May 27, 2021

Immune function of small chloroplasts in the epidermal cells of plants

Posted by in categories: biotech/medical, food

It is said that 10 to 15% of the world’s agricultural production loss is caused by diseases, which is equivalent of the food for about 500 million people. And since 70–80% of this plant disease is caused by filamentous fungi, protecting crops from filamentous fungi is an important issue in effectively feeding the world population. In order for pathogenic fungi to infect plants, they must break through the epidermal cells of the plant and invade the interior. In other words, plant epidermal cells act as the first barrier to stop the attack of pathogenic fungi in the environment. So what kind of defense functions do epidermal cells have?

Interestingly, it was known that the epidermis of contain small chloroplasts that are not so involved in photosynthesis. However, it was unclear what function it had. Why are there small chloroplasts in the epidermis of plants that do not contribute much to photosynthesis?

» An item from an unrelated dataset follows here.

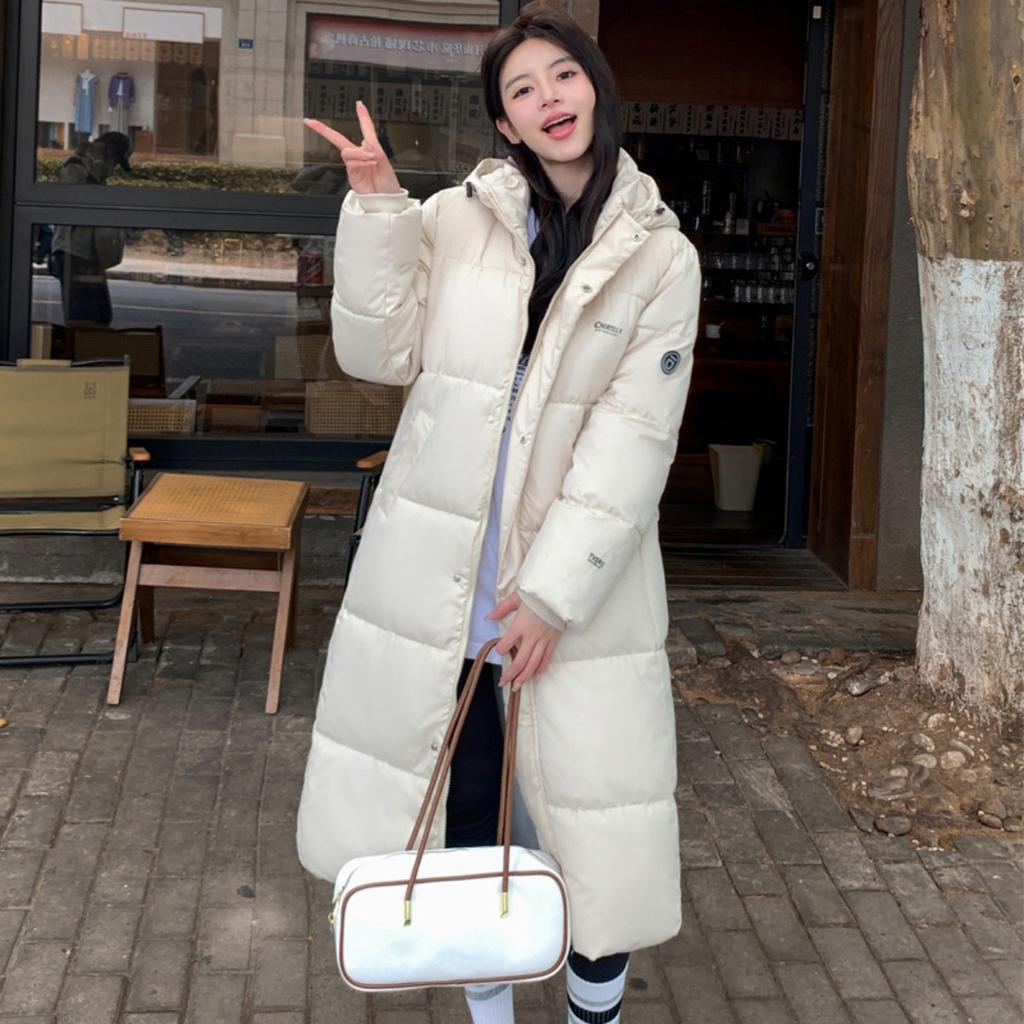 Women's New Korean Style Long Over-the-knee Hooded Cotton Padded Coat Loose Thickened Warm Winter Puffer Jacket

Assistant Professor Hiroki Irieda of the Faculty of Agriculture, Shinshu University and Professor Yoshitaka Takano, Graduate School of Agriculture, Kyoto University, found that small chloroplasts in the epidermis of plants control the entry of fungal pathogens. The duo discovered that the small chloroplasts move inside the cell dramatically to the surface layer in response to the fungal attack and is involved in such defense response. Furthermore, the duo found that multiple immune factors involved in the defense response of plants are specifically found in the epidermal chloroplast, which contributes to the enhancement of resistance to the invasion of pathogen filamentous fungi.